Je vous avoue que je suis toute Confondue que Monsr le Duc de Praslin ne se soit pas mis en quatre dans cette occasion. Ce n'est certainement pas nôtre affaire puis que Les livres appartiennent à Made Lejeune et non à nous. Il serait affreux que je fusse condamnée à L'amande pour elle. Cet affront serait capable de me faire mourir de douleur. La Saisie est pleine d'irrégularités et les gens du bureau de Colonge ne méritent que punition. Il est peut être encor temps d'assoupir cette affaire si on s'y prend avec la vivacité et la chaleur qu'elle mérite. Songez, Madame, que si elle était portée au criminel, il ne s'agit pas moins que de la vie pour les accusés, et qu'il y en a des exemples. Prenés sur vous, Madame, de dire à Monsr le Duc de Praslin la chose tout comme elle est. Il aura sans doute le courage de parler à Monsr le vice chancelier et de faire enterrer dans un profond oubli une affaire dont L'éclat serait épouvantable.

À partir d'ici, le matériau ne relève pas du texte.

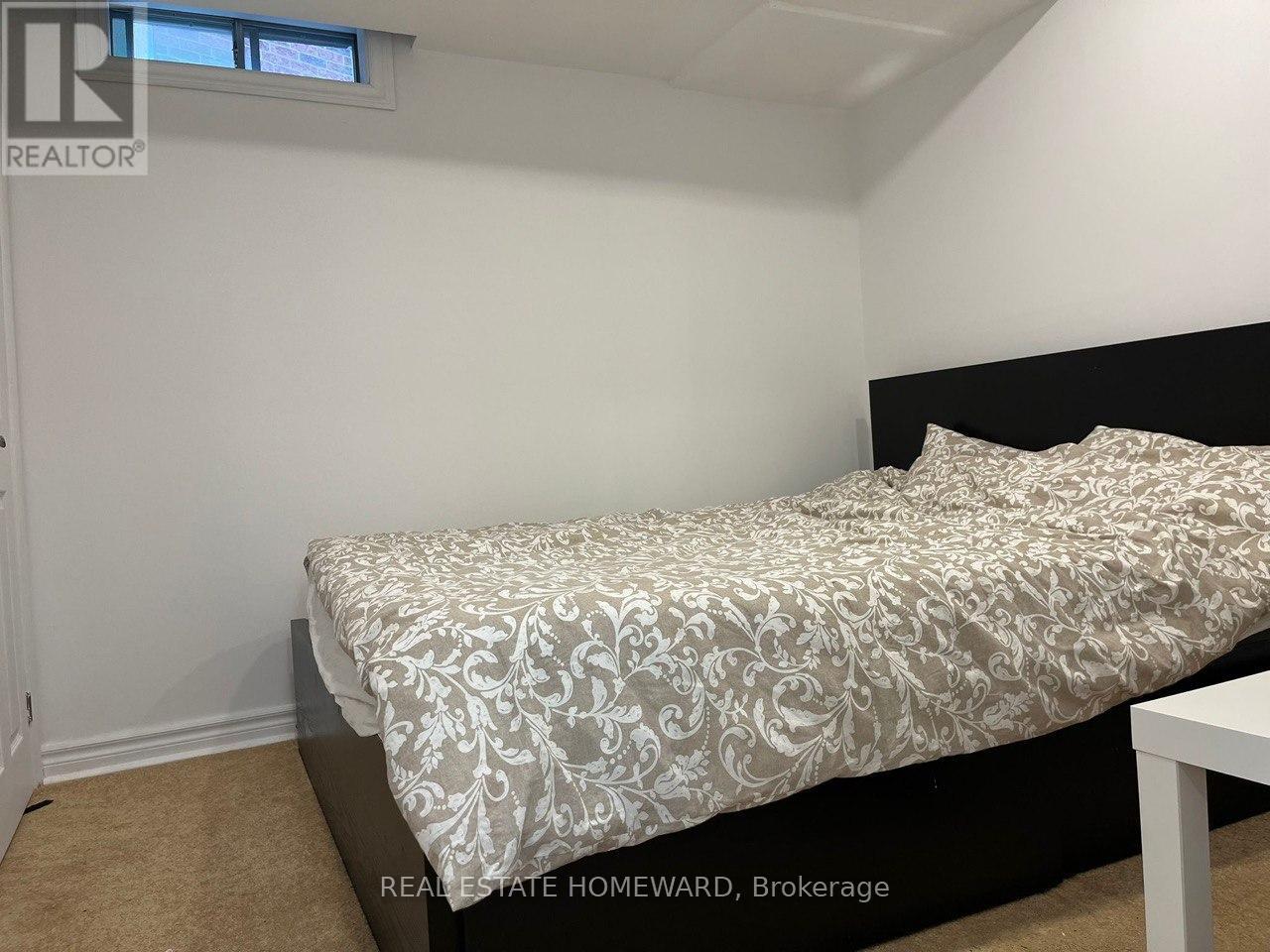 Walk Up - 82 Rush Road, Aurora, Ontario  L4G 7G5 - Photo 4 - N12463036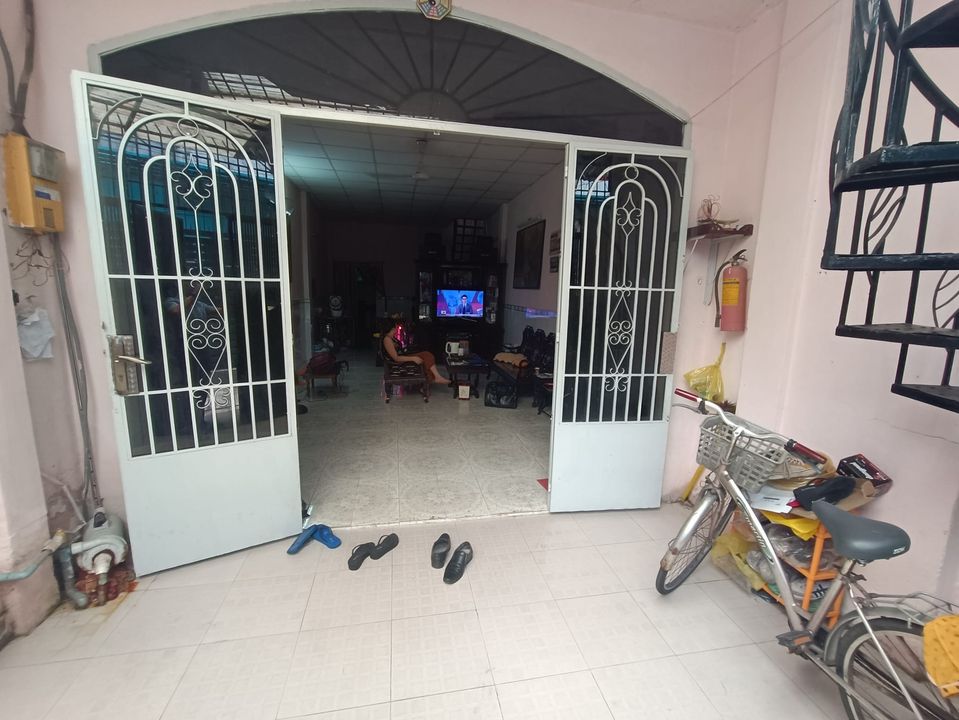 NHÀ LÊ VĂN HUÂN CẦN BÁN GẤP -NGANG 4M NỞ HẬU - 60 m2 - CHỈ 5,5 TỶ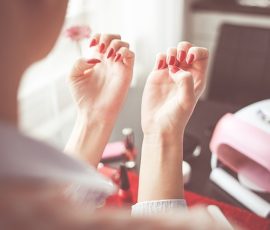 Czy Manicure hybrydowy niszczy płytkę paznokci?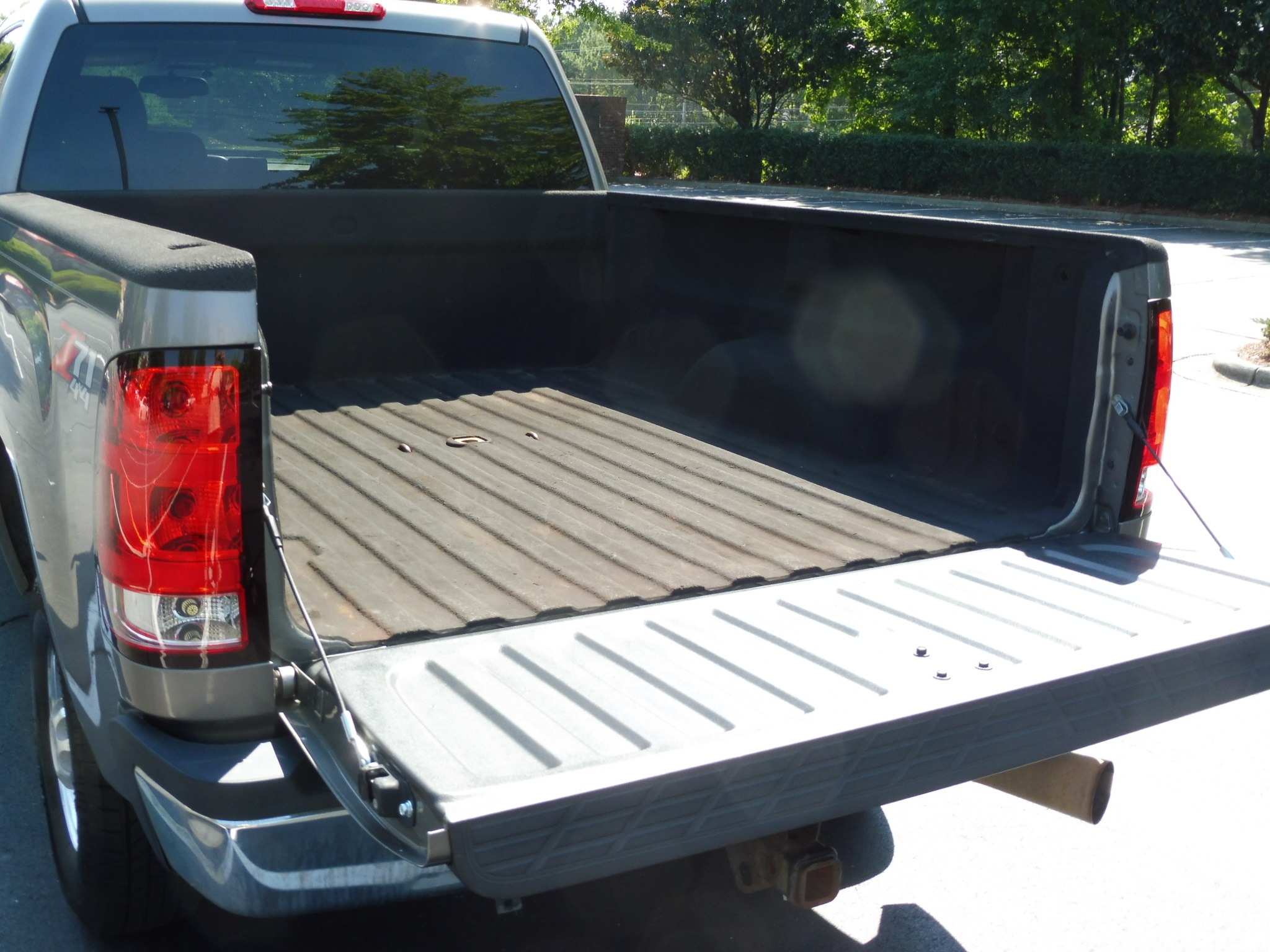 Used 2008 GMC Sierra 2500 SLE w/ Z71 Off-Road Package AWD/4WD image 18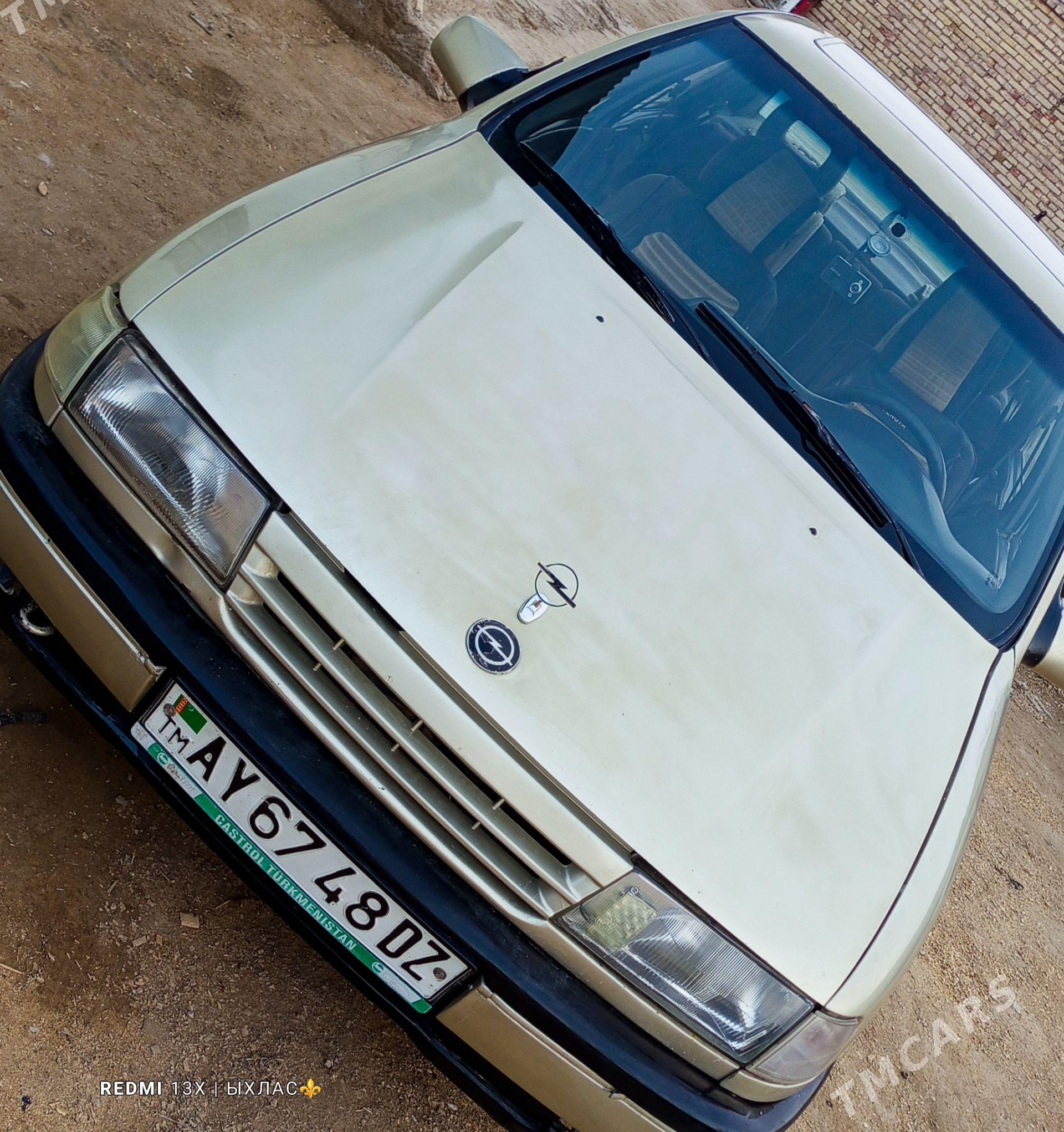 Opel Vectra 1990 - 30 000 TMT - Boldumsaz - img 1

Pourquoi n'a-t-on pas pris ce parti d'abords? Je m'y perds, car il est bien certain que Monsr D'Argental a été instruit qu'il fallait parler à Monsr Le vice chancelier plus de 5 ou six heures avant que ce magistrat, occupé alors de L'affaire de Monsr de la Chalotais, eût pu lire la lettre du bureau de Colonge. Ce moment manqué et toute notre maison ayant été ainsi que la pauvre Lejeune dans des transes continuelles depuis le 23 décembre jusqu'au 8e janvier sans recevoir aucun mot d'avis, en proye aux discours affreux de la province et de Genêve, nous nous voyons enfin traduits à un tribunal, et personne ne peut savoir, quand un procès commence, comment il finira. Il ne faut pas se flatter que les conseillers d'état et que les maitres des requêtes qui composent ce bureau, se tairont. Il y aura de L'éclat si L'affaire n'est pas étouffée. Il faudra bien que le receveur de Colonge dise ses raisons; il nommera le quidam qui a accompagné Made Lejeune et ce quidam se trouve tout juste celui qui peut tout perdre, c'est ce fripon de Jeanin qui l'a vendue après lui avoir fait les offres les plus pressantes. C'est ce Jeanin, controlleur du bureau de Sacconey, dont nous obtiendrons probablement la destitution par monsr Rougeot, fermier général notre ami, et par Monsr de la Reignière à qui nous avons écrit. Mais nous ne tenons rien si nous ne sommes secondés. Il est si aisé de faire parler à des fermiers généraux, que je ne conçois pas qu'on ait pu manquer ce préliminaire qui est d'une nécessité absolue. Si ce nommé Jeanin reste encore au paÿs de Gex quinze jours, j'aimerais autant que toute cette histoire fût dans la gazette; et vous verrés qu'elle y sera pour peu qu'on se néglige, car malheureusement en quelqu'endroit que soit mon oncle il est sous le chandelier. Croyez-moi, Madame, je vous en conjure, éxigeons de Monsr de Montion qu'il diffère le raport, engagez Monsr Le Duc de Praslin à demander très sérieusement que tout soit assoupi. Je l'estime trop pour penser qu'il craigne de se compromettre pour une amie telle que vous. Il aurait dû parler dès le 28 décembre. A quoi sert L'amitié si elle n'agit pas? Votre cœur entend le mien, je vous suis attachée pour le reste de ma vie. Pardonnés-moi si je ne vous écris point de ma main; cette affaire m'a ôté le sommeil et la santé, je ne sais plus où j'en suis. Tout ce que je puis faire, Madame, c'est de vous assurer des tendres sentimens que je vous ai voué pour jamais.